After you obtain all the above credentials, add the entire string into your Predict_Envs.json file with the key `USER_PROVIDED_DB_CONNECTION_STRING`.

---

## Monitor Error and Self Signed Certificates

SSLCertVerificationError occurs when using notebooks with IBM Maximo Monitor API

If you are using the default IBM Maximo Predict notebooks in IBM Watson Studio and use those notebooks to call the IBM Maximo Monitor API, you may get the SSLCertVerificationError or 'Database' object has no attribute 'http' error.
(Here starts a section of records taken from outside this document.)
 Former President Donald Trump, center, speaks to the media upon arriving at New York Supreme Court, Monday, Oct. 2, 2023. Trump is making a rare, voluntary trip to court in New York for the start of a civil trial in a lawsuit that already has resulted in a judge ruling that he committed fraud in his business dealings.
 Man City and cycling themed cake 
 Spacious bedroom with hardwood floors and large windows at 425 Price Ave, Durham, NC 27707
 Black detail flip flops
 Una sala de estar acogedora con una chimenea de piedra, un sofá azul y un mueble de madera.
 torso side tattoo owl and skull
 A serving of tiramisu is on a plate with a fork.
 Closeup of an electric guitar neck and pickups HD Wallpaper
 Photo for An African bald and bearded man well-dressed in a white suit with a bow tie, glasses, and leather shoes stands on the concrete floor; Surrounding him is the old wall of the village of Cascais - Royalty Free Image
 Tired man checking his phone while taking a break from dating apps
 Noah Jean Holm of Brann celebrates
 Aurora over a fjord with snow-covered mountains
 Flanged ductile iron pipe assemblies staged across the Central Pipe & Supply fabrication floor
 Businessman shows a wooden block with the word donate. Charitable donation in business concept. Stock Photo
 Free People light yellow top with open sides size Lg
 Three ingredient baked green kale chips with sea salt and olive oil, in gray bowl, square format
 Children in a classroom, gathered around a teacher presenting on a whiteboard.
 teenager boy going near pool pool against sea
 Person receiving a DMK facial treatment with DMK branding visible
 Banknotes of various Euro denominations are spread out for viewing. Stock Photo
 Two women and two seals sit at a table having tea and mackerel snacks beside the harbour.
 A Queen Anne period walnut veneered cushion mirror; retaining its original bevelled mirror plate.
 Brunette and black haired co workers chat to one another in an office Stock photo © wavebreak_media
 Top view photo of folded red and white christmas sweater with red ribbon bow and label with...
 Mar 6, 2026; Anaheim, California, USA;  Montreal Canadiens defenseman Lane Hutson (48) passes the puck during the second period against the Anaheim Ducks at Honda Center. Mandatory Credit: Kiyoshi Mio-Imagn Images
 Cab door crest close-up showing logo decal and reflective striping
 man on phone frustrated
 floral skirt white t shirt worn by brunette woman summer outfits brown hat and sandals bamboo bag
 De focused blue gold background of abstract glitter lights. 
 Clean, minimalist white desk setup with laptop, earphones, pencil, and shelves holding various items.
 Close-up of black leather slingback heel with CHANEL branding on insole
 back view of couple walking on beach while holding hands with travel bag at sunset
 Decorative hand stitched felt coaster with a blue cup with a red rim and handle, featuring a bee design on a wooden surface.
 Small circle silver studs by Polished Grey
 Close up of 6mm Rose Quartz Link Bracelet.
To resolve the problem, add a new environment variable and then retrieve and import the Maximo Monitor certificate into the Maximo Predict notebook project:

1. Get the Monitor URL:

   1. Login to the openshift console as admin
   2. In Projects, search "monitor". Click on the project that is named `mas-{instance-id}-monitor` where `instance-id` is the name of your MAS instance.
   3. In the Routes under Networking, search "datalake". Find the route that ends in `rest-v2-datalake`. 
   4. Get the monitor_url from the Location value before the first "/". For example, if Location=`https://appsuite.api.monitor.predictdev.apps.hpdevocp.cp.fyre.ibm.com/api/datalake` then monitor_url=`https://appsuite.api.monitor.predictdev.apps.hpdevocp.cp.fyre.ibm.com`

2. Add a new environment variable. Paste this code into your python notebook, replacing the URL with the value from part 1.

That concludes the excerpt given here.